# Raw bones



## riddick4811 (Nov 2, 2011)

Dogs got their beef bones on Saturday




































Ronon and Rebel didn't like that it started raining a bit so they snuck their bones inside and I found like this on the couch


----------



## AveryandAudrey (Sep 20, 2010)

Is the females in the first photo a new dog? I haven't seen her before, she's beautiful!


----------



## riddick4811 (Nov 2, 2011)

Yes, that is Reba the new girl. That is her first beef bone too. It was a big one covered in meat!
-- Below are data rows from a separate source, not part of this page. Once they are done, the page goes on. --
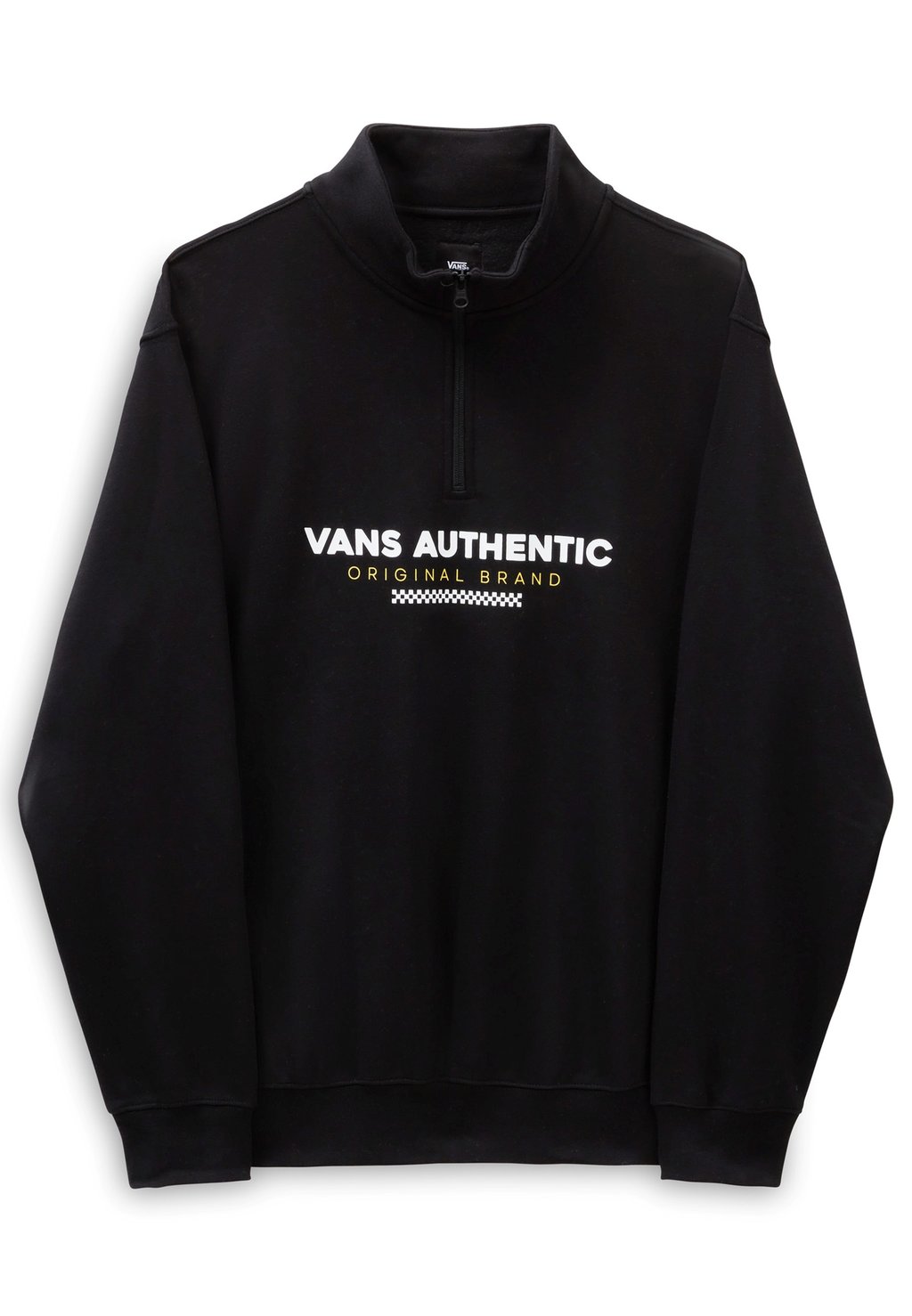 Толстовка SPORT HALF ZIP Vans, цвет black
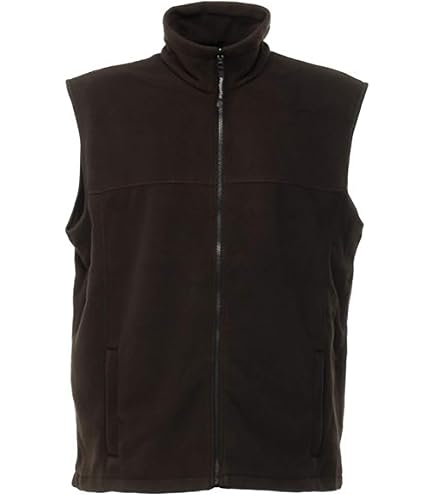 Gilet Softshell Homme Sans Manches - Coupe-Vent Et Doublure Cyclisme/Pêche/Travail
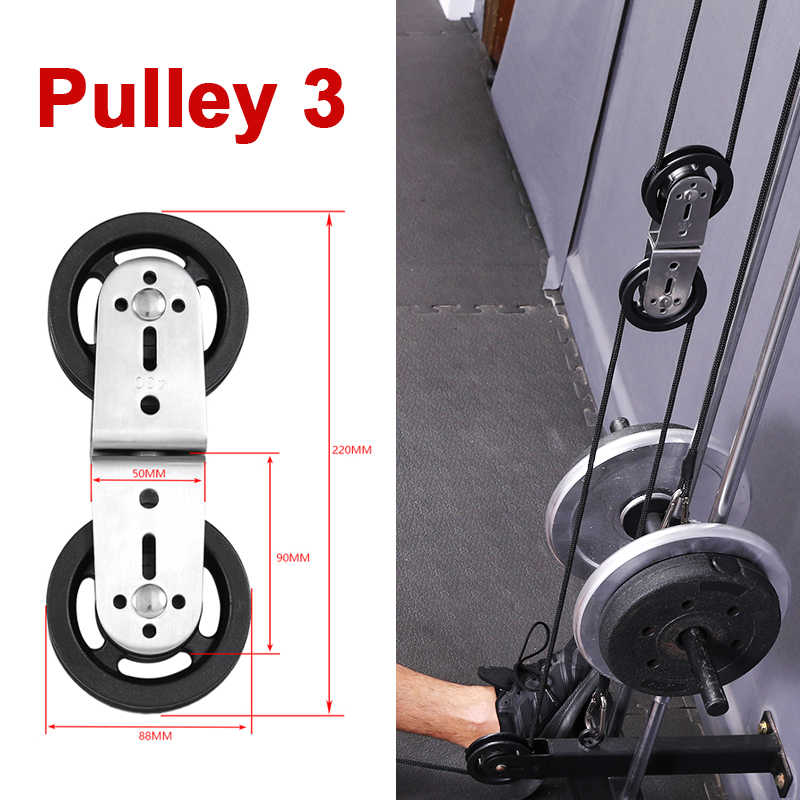 Tự Làm Tập Thể Hình Cáp Máy Ch - đánh giá và giá Home Gym Diy Pulley System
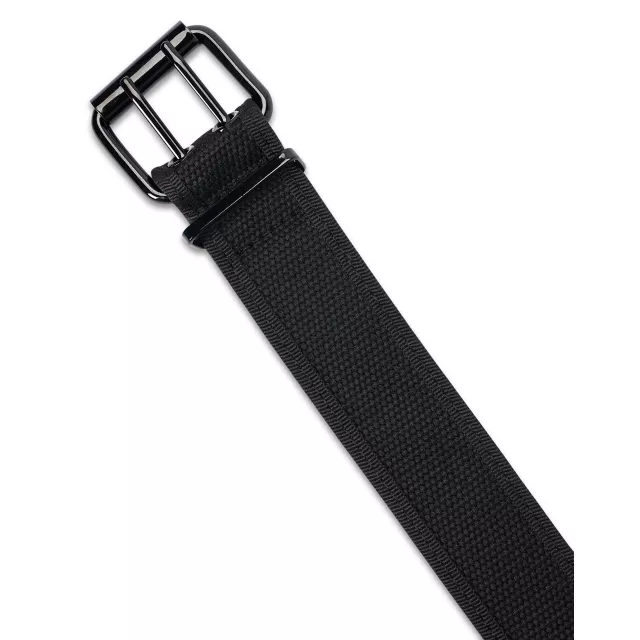 Double Eyelet Black Belt at Spencer's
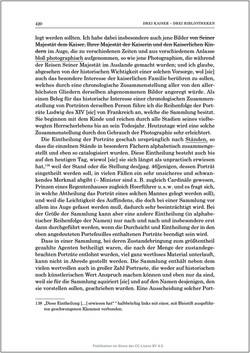 Image of the Page - 420 - in Die Familien-Fideikommissbibliothek des Hauses Habsburg-Lothringen 1835–1918 - Metamorphosen einer Sammlung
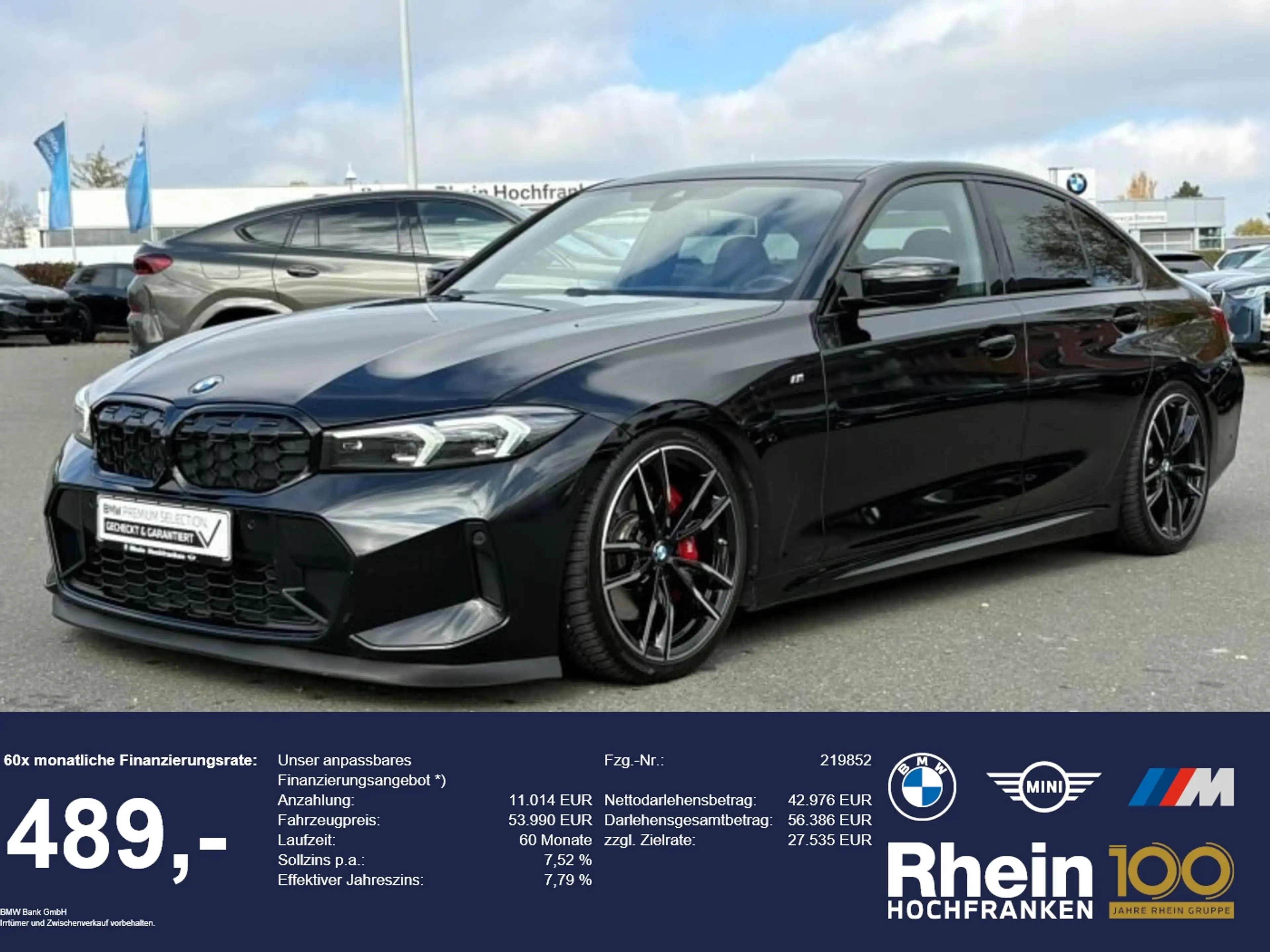 BMW M3 xDrive Limousine LED NAVI H/K 360 AHK MEMO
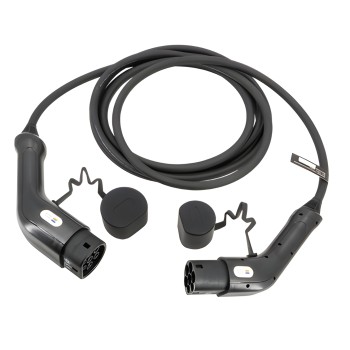CABLE DE CARGA EV T2/T2 5M - 32A1PH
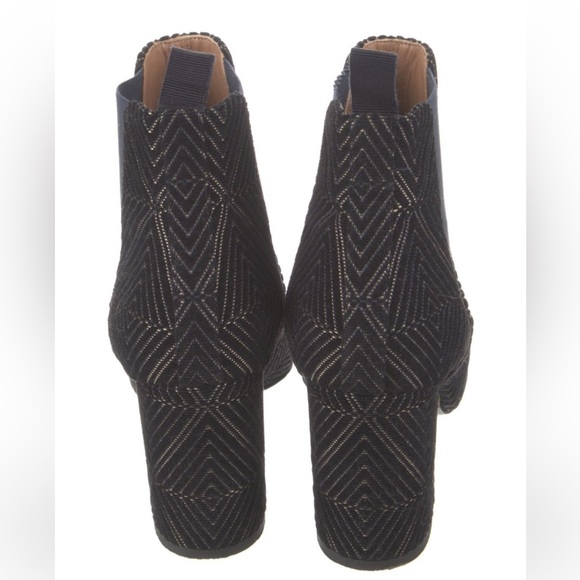 Laurence Dacade Paris Velvet Ankle Boots - Picture 4 of 10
She had a good time with it!


----------



## sozzle (May 18, 2011)

More greyhounds yay!
My two have just had a chicken frame for breakfast with their pyjamas on outside as it was cold for the wee delicate things.


----------



## AveryandAudrey (Sep 20, 2010)

Reba is just stunning! Love her collar too, is she a rescue?


----------



## riddick4811 (Nov 2, 2011)

All 3 of my Greyhounds are retired racers. 

Round 2 of bones:

Rocky seeing if they left anything good on this one









Reba 










Casper and Rebel










Casper


----------



## AveryandAudrey (Sep 20, 2010)

Rocky is too cute! Thats great you rescued


----------



## magicre (Apr 7, 2010)

those bones are bigger than my pug....i can see him all over those.

and your dogs are just gorgeous. i love their colouring....i bet they are love bugs, too.


----------



## xellil (Apr 4, 2011)

those bones look yummy! And the dogs are gorgeous, of course.


----------



## sozzle (May 18, 2011)

Reba looks very similar to my foster greyhound Copper.


----------